LLM-as-Judge: Using AI to Grade AI
Picture a research team testing a new chatbot. They need to know which of its answers are actually good, across ten thousand test questions. Hiring human raters to read and score ten thousand responses would take weeks and cost a small fortune. Instead, the team feeds every response, one at a time, to a strong existing model and asks it to act as the grader: read the answer, compare it to a rubric or a reference answer, and assign a score or a verdict. By morning, all ten thousand are scored. No panel of humans could have kept pace with that overnight, and this is now one of the most common ways AI systems get evaluated.
How the grading actually works
The setup is simple enough. A “judge” model is given a question, the answer a different model produced, and sometimes a reference answer or a short rubric describing what a good response should contain. The judge reads all of it and returns something usable: a score from one to ten, a label like “correct” or “incorrect,” or a preference between two candidate answers. It’s fast, it’s consistent in the sense that it never gets tired or distracted, and it scales to any volume you can afford in compute.
The trouble is that a judge model isn’t a neutral instrument. It’s a model with its own habits of phrasing, its own sense of what a well-formed answer looks like, learned from its own training.
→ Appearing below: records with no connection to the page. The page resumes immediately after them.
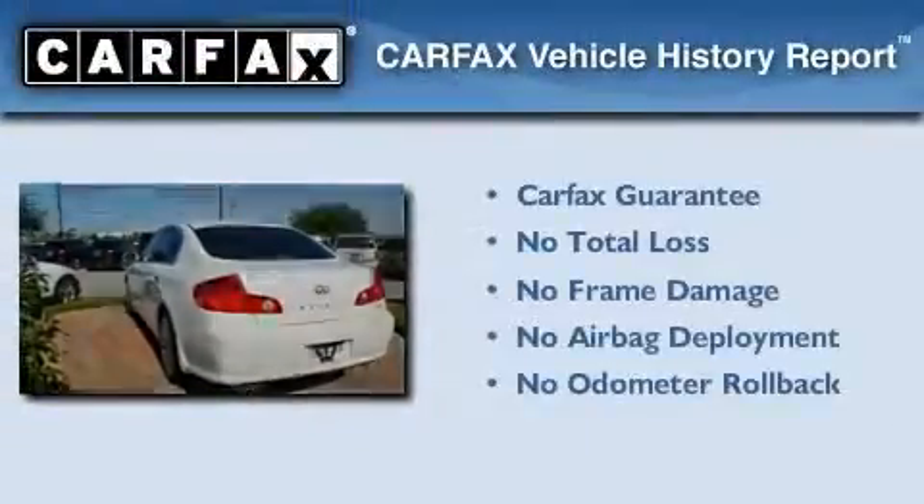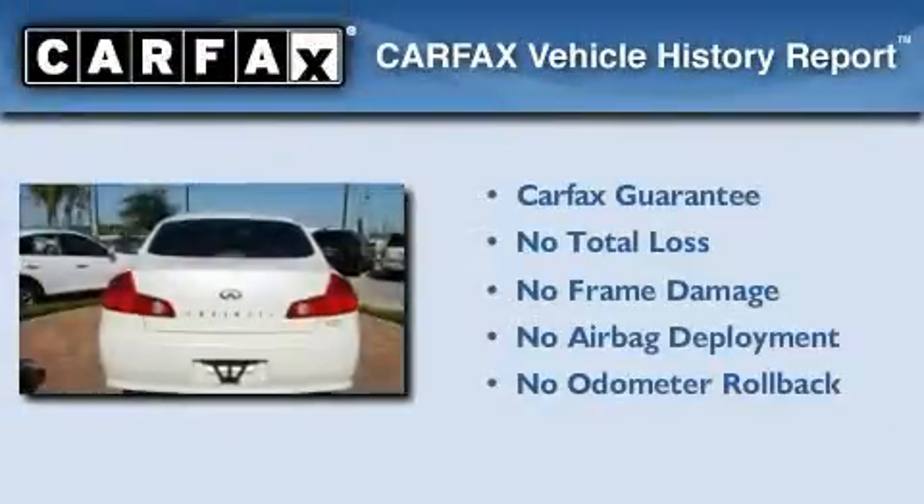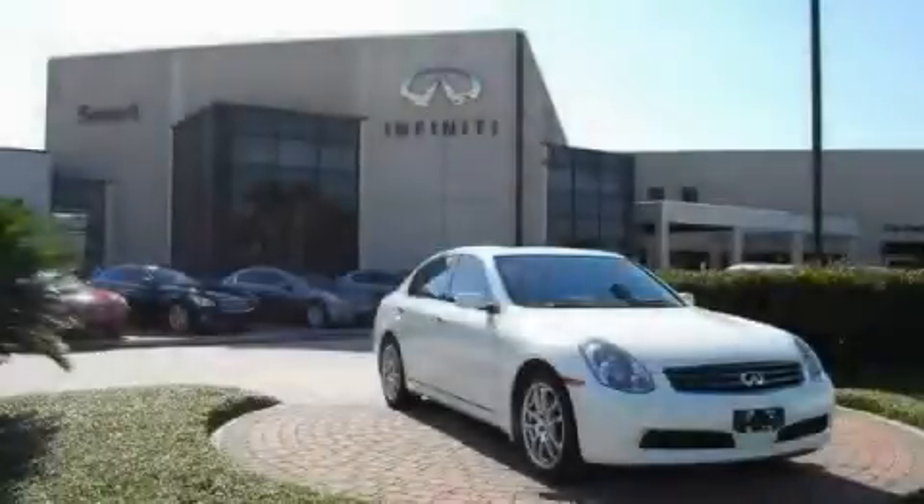Not to mention that this Infiniti qualifies for the Carfax buyback guarantee. This vehicle won't last long at this price. Call and arrange a test drive now.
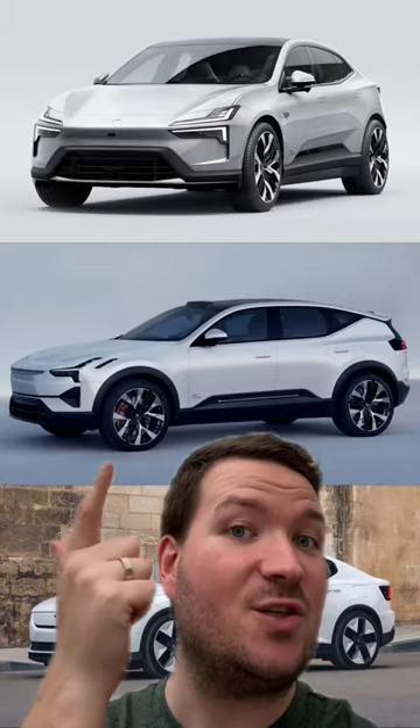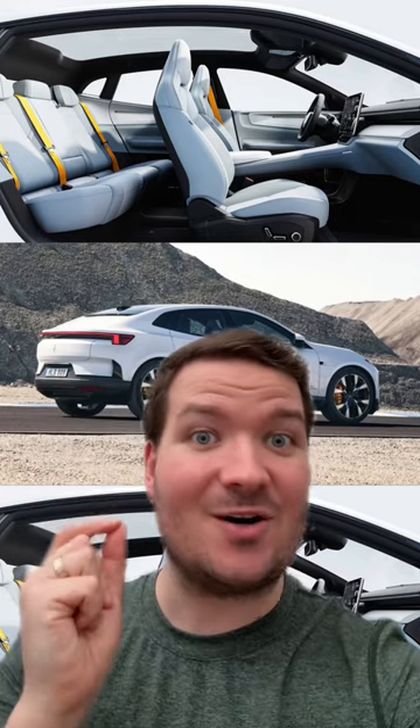This is your classic SUV shape, but the Polestar 4 has no back window. Instead, this little spot right here is actually a camera for your rearview mirror, and there's no window at all. They've moved the structural parts behind where you sit, and you have this big glass roof above you, so it feels nice and open in there, even in the back seat.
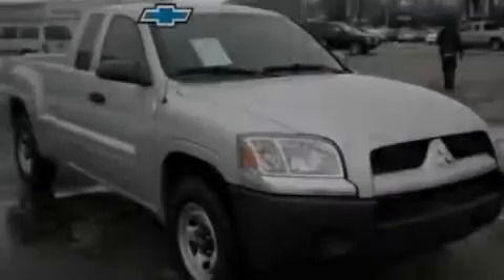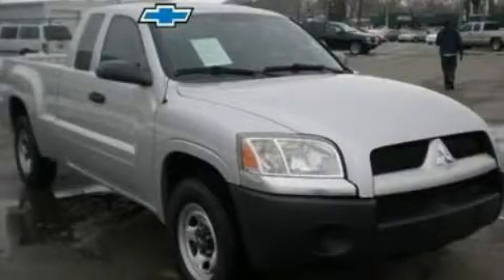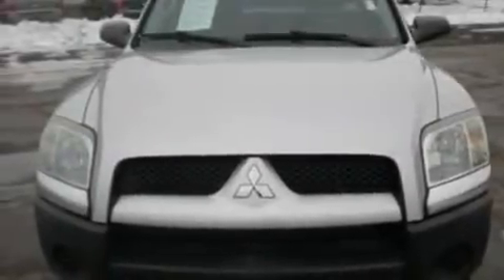Another fine vehicle offered by Blossom Chevrolet. This is a 2007 Mitsubishi Raider. Whether hauling, commuting, or towing, this truck is the right one for you.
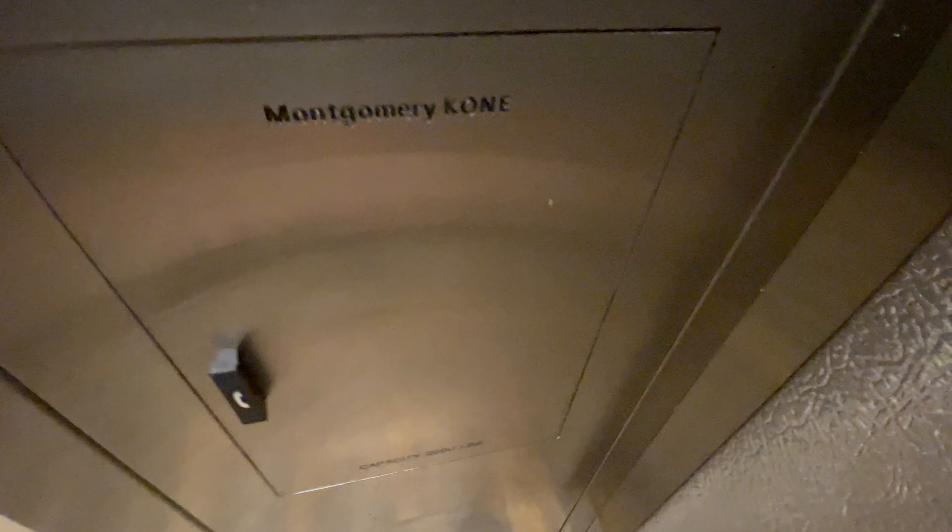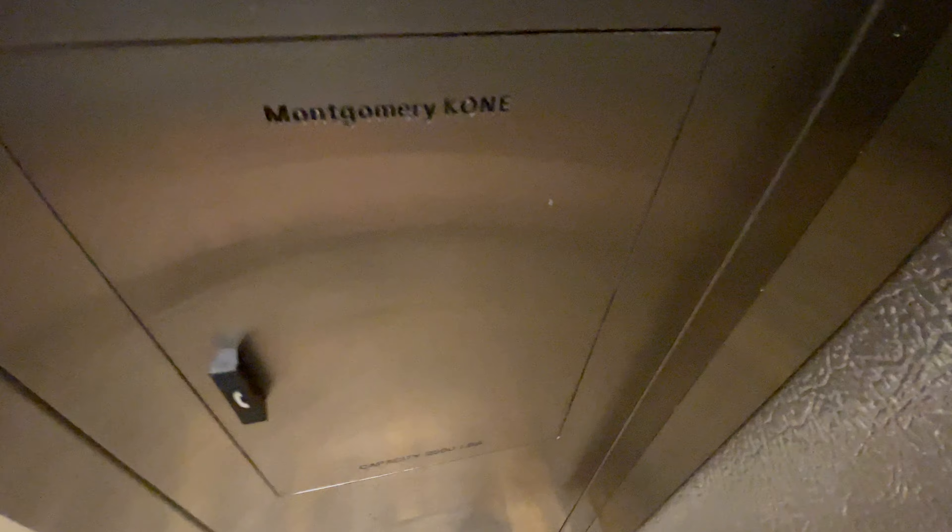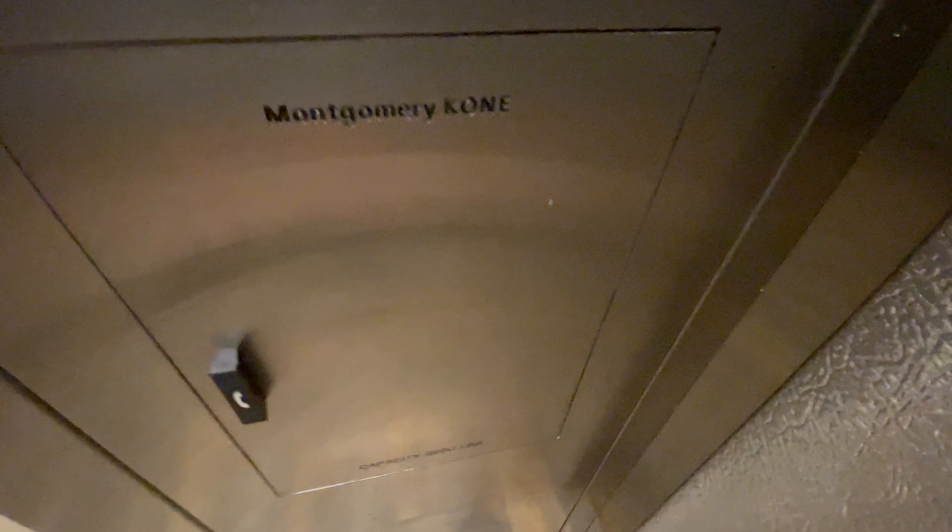This is another elevator at the Jozor Village in Tucson, Arizona. This one's also a Montgomery Kone Series 220 — it's hydraulic.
Think of a massive writing contest with thousands of entries, but instead of a diverse panel of judges, every single entry is graded by one teacher. That teacher happens to love elaborate, flowery prose and has a mild distaste for short, plain sentences. Within a few rounds, that teacher’s personal taste quietly becomes the de facto definition of “good writing” for the entire contest. Entrants who write to flatter that specific teacher’s style gain an advantage that has nothing to do with how well they actually write. A plain, correct, concise entry can lose to a padded, ornate, less correct one simply because it read more like what the teacher already liked.
Where the bias shows up
Two patterns show up again and again when researchers test judge models directly. First, length: judges tend to rate longer answers higher, even when a shorter answer contains the same correct information with less padding. An answer that restates the question, adds a few extra qualifiers, and closes with a tidy summary often scores better than a terse answer that simply gets it right. Second, style: a judge model tends to score answers more favorably when they’re structured the way it would have written them itself, with the headers, hedges, and phrasing its own training nudges it toward. When the model being graded happens to share a training lineage or a similar house style with the judge, that resemblance alone can nudge scores upward, independent of accuracy.
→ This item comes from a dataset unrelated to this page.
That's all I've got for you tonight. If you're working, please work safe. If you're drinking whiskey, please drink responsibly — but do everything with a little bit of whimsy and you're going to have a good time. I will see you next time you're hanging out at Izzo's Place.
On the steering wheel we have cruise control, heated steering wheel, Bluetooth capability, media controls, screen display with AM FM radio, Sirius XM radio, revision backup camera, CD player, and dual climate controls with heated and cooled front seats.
Neither of these preferences is random noise. They’re consistent, directional tilts, the same kind of systematic pattern discussed in Bias: How Training Data Becomes Prejudice: a model doesn’t grade from some neutral vantage point, it grades from inside the statistical habits it absorbed during training. A judge model has preferences the same way any model has preferences, and grading is just another task where those preferences get to act.
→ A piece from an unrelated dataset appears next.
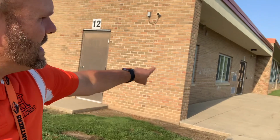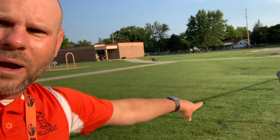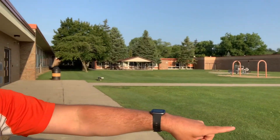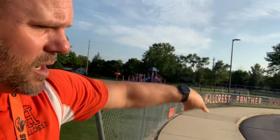For first graders that are getting picked up, they will exit out the doors by the STEM lab. They will come out into the parking lot area and then they will be waiting behind the fence right here as parents are pulling up into our parking lot.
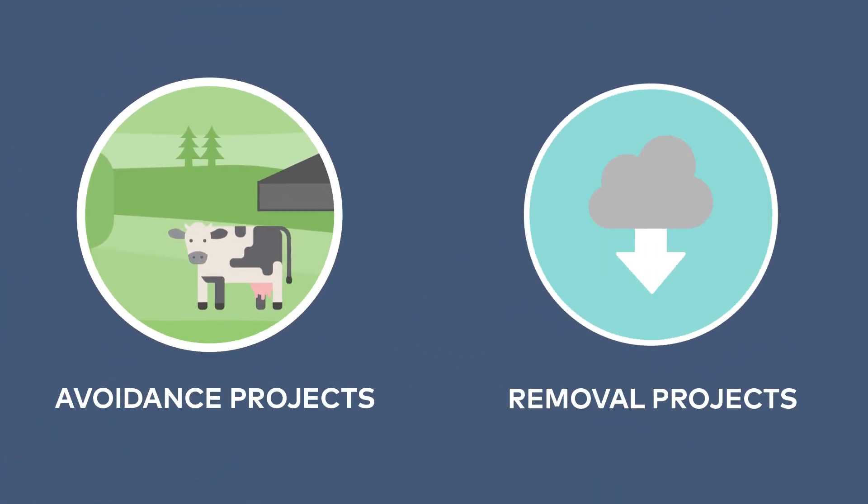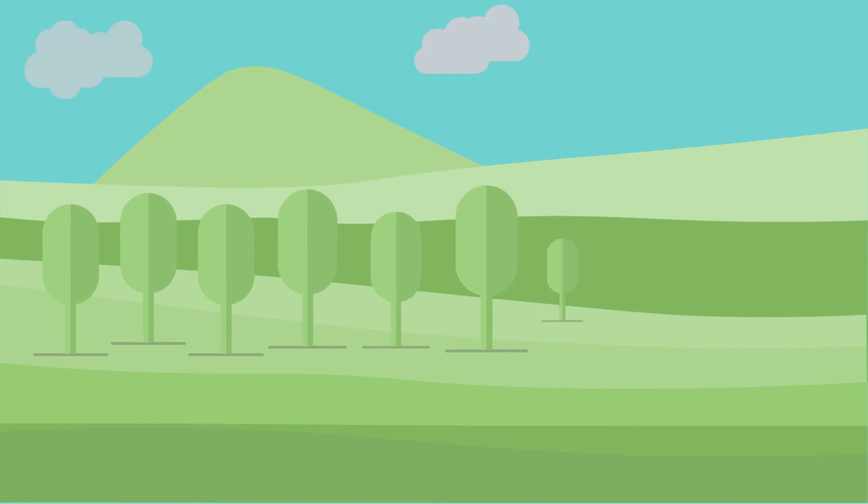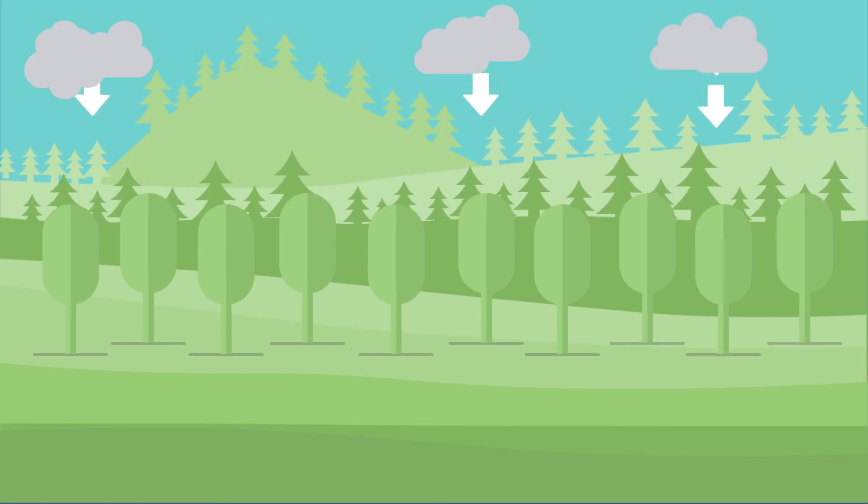Carbon removal projects pull carbon from the atmosphere. For example, planting new trees, which act as carbon sinks by storing carbon in their trunks and roots.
What the score is actually telling you
None of this makes LLM-as-judge useless. It makes it something narrower than it’s usually presented as. A score from a judge model isn’t a measurement of quality floating free of any particular perspective, the way a ruler measures length regardless of who’s holding it. It’s a measurement of how closely an answer matches the taste of one specific model, on one specific day, shaped by whatever text that model happened to be trained on. Swap the judge for a different model and some of the rankings shift, because the standard being applied shifts with it. What looks like an objective grade is really a report on how well something conforms to one model’s idea of what a good answer sounds like, not a verdict on whether it actually is one.
This is the automated cousin of a simpler idea covered in Human Preferences and Elo Rankings, where human voters, not a model, decide which answer wins. The mechanism is the same story with the judge swapped out: whoever or whatever holds the pen on “good” ends up deciding the outcome, and it pays to ask who that is before trusting the score.